* The problem
Starting with the line that contains "Coiffeuse sans miroir", copy each line exactly through the end of the listing, and omit all pictures.

* Supplied data
%%
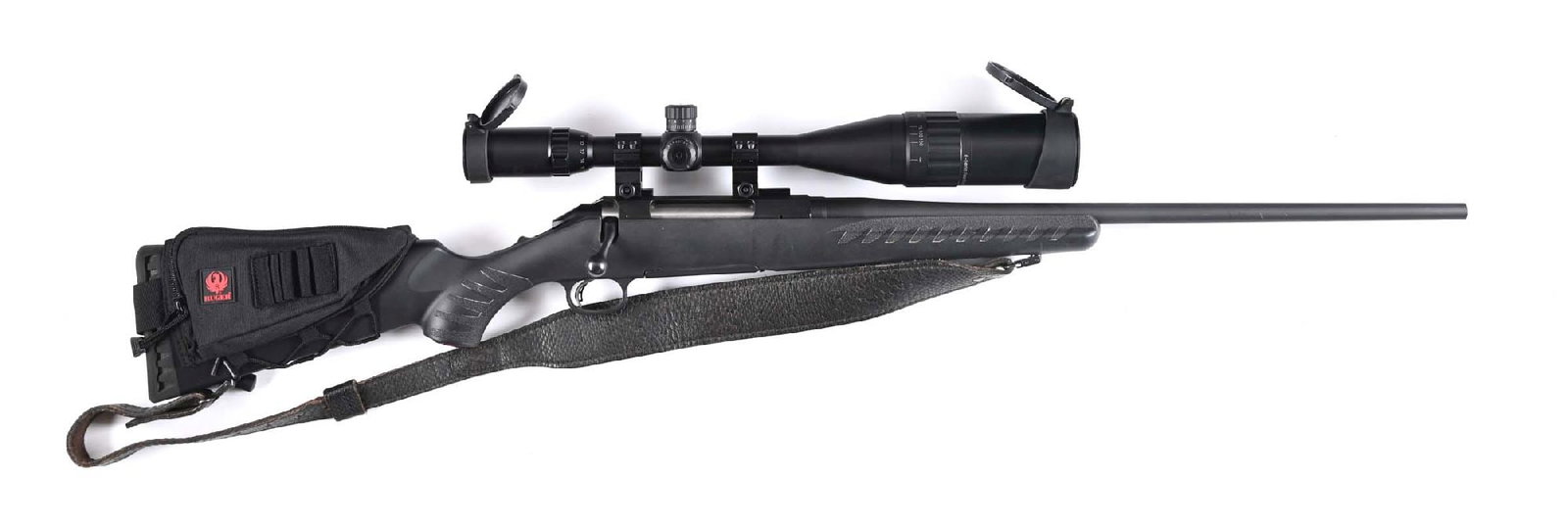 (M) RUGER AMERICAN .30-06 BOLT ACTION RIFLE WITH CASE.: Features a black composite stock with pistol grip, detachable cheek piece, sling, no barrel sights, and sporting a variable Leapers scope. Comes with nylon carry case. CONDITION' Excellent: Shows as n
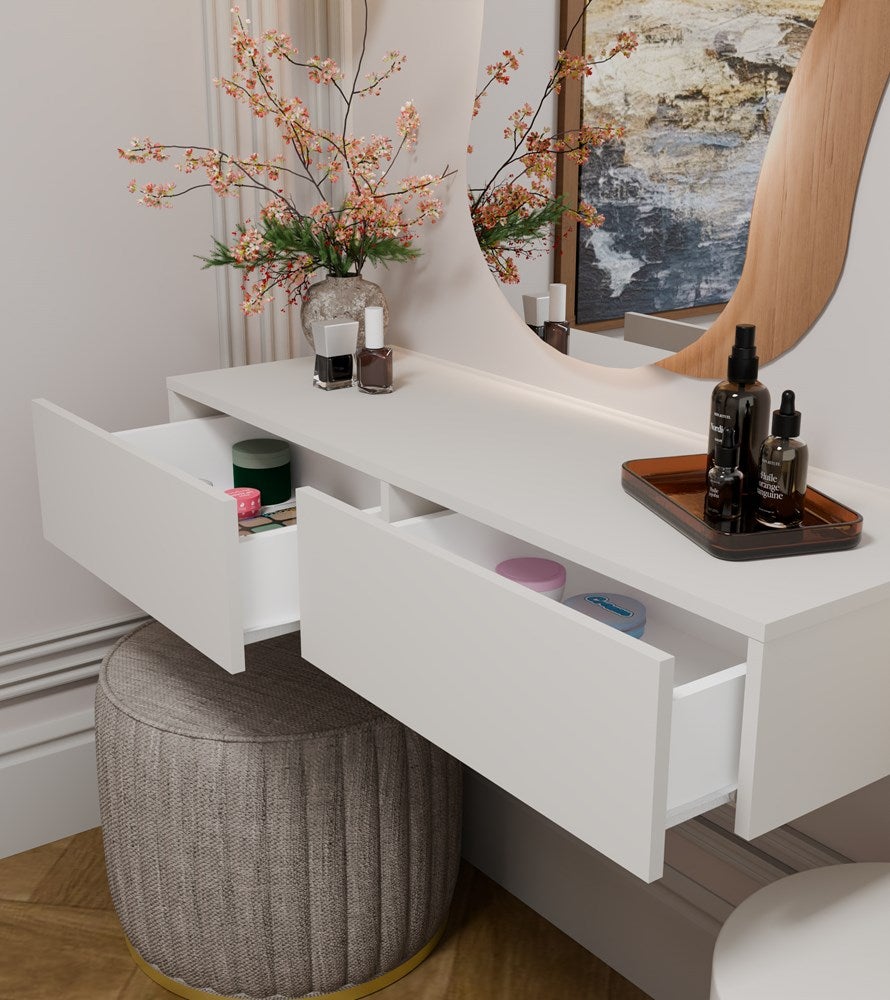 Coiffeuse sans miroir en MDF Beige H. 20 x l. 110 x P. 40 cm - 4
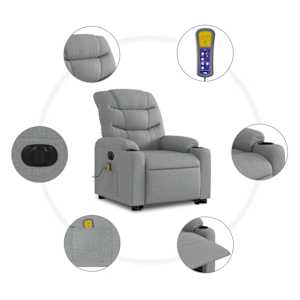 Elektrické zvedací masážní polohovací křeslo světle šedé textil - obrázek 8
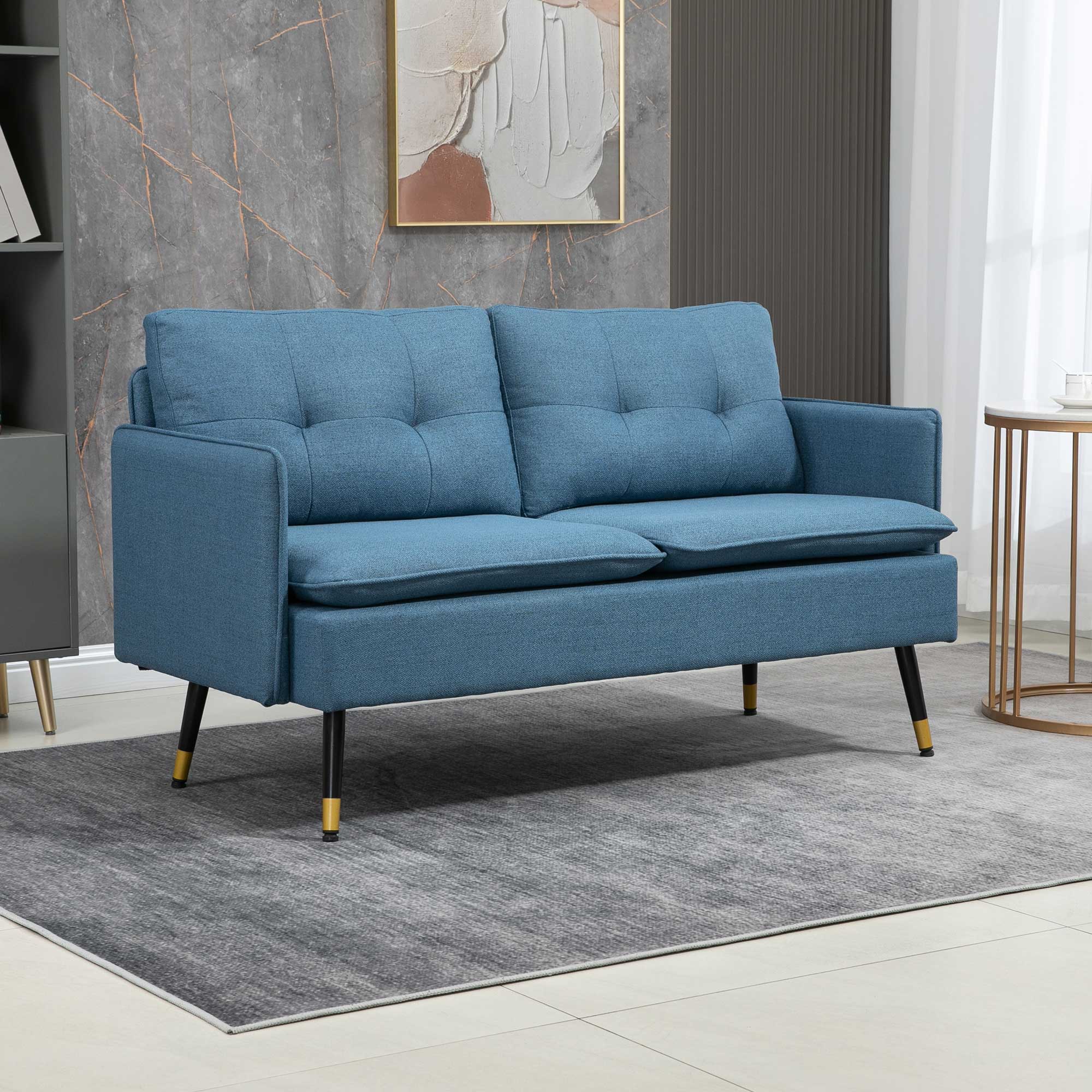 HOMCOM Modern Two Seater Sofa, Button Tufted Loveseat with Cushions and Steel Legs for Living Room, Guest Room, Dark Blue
%%
* Answer to this problem
 Coiffeuse sans miroir en MDF Beige H. 20 x l. 110 x P. 40 cm - 4
 Elektrické zvedací masážní polohovací křeslo světle šedé textil - obrázek 8
 HOMCOM Modern Two Seater Sofa, Button Tufted Loveseat with Cushions and Steel Legs for Living Room, Guest Room, Dark Blue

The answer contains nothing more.